To understand the performance of our models, we mapped the actual load losses and predicted load losses in a confusion matrix, which is defined as “a tabular representation commonly employed to describe the performance of classification models or classifiers using a known set of test data.” Given that our dataset comprises two distinct classes: PCLF (0) and UCLF (1), the resulting matrix is a two-by-two. We designated PCLF as a negative class and UCLF as the positive class because the objective is to proactively take measures to reduce UCLF in order to combat plant failures.

We also conducted a feature importance analysis for the best selected model to determine the most relevant features that contributed to the performance of the model. The significance of the features highlights the statistical relevance of each attribute within the dataset in relation to its impact on the model (Belete and Huchaiah, 2022).

4.4.5 Explainability and interpretability

To facilitate meaningful interpretations of the predictive outcomes, we employed the SHAP methodology, which is the approach for XAI focused on ensuring the interpretability of the model’s predictions post-training. SHAP provides the explanations for the decision-making process of the model and highlights the factors influencing its predictions. This approach allows us not only to identify instances of load losses but also to gain insights into how the model formulates its predictions.
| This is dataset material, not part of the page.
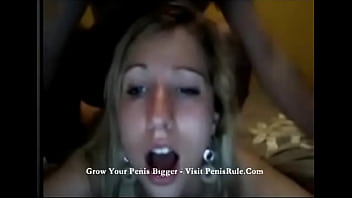 Perky becky getting a rough fuck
Such interpretability aids in enhancing our understanding of the model’s performance, fosters trust in the results it produces, and improves the efficacy of decision-making regarding the reduction of UCLF. We performed a sensitivity analysis using the SHAP dependence plot to identify any sources of uncertainty in prediction and to understand the interaction between parameters.

4.5 Models

4.5.1 Gaussian Naive Bayes

The Naive Bayes algorithm functions as a probabilistic model employing the principle of the Bayes theorem to predict classes and categories (Jolly, 2018; Bishnoi et al., 2022). It utilizes a classification approach which relies on the assumption of independence among all predictors (Bishnoi et al., 2022) by employing a probability table that is updated through training data, which facilitates the retrieval of class probabilities based on feature values to predict a new observation (Ray, 2019).

4.5.2 Logistic regression

Logistic regression is a model employed in nonlinear relationships when multiple predictors are present (Neeraj and Maurya, 2020) by defining the boundary between distinct classes (Kashmoola et al., 2022).

4.5.3 Random forest

A random forest classifier is made up of an ensemble of decision trees (Neeraj and Maurya, 2020; Kumar et al., 2022), which it repeatedly generate by drawing random samples from the training dataset, and ultimately derives a final decision through a process of majority voting (Bishnoi et al., 2022).

4.5.4 Decision tree

A decision tree is a hierarchical machine learning classifier that resembles an inverted tree, with nodes representing predictor variables, connections illustrating decision paths, and leaf nodes indicating response variables, aiming to predict the target variable’s value through simple decision rules derived from the features (Bishnoi et al., 2022).

4.5.5 KNN

KNN utilizes non-parametric learning methods that do not require assumptions about data distribution; it trains on both positive and negative attributes and classifies new instances by measuring the distance to the nearest training case, or neighbor, with classification determined by the sign of that point (Neeraj and Maurya, 2020).

4.5.6 XGBoost

XGBoost is a boosting-based machine learning classifier primarily employed to minimize bias errors, wherein a sequence of decision trees, referred to as weak learners, is interconnected such that the errors produced by the initial base learners serve as input for subsequent trees, enabling them to learn and correct the identified error patterns (Kumar et al., 2022).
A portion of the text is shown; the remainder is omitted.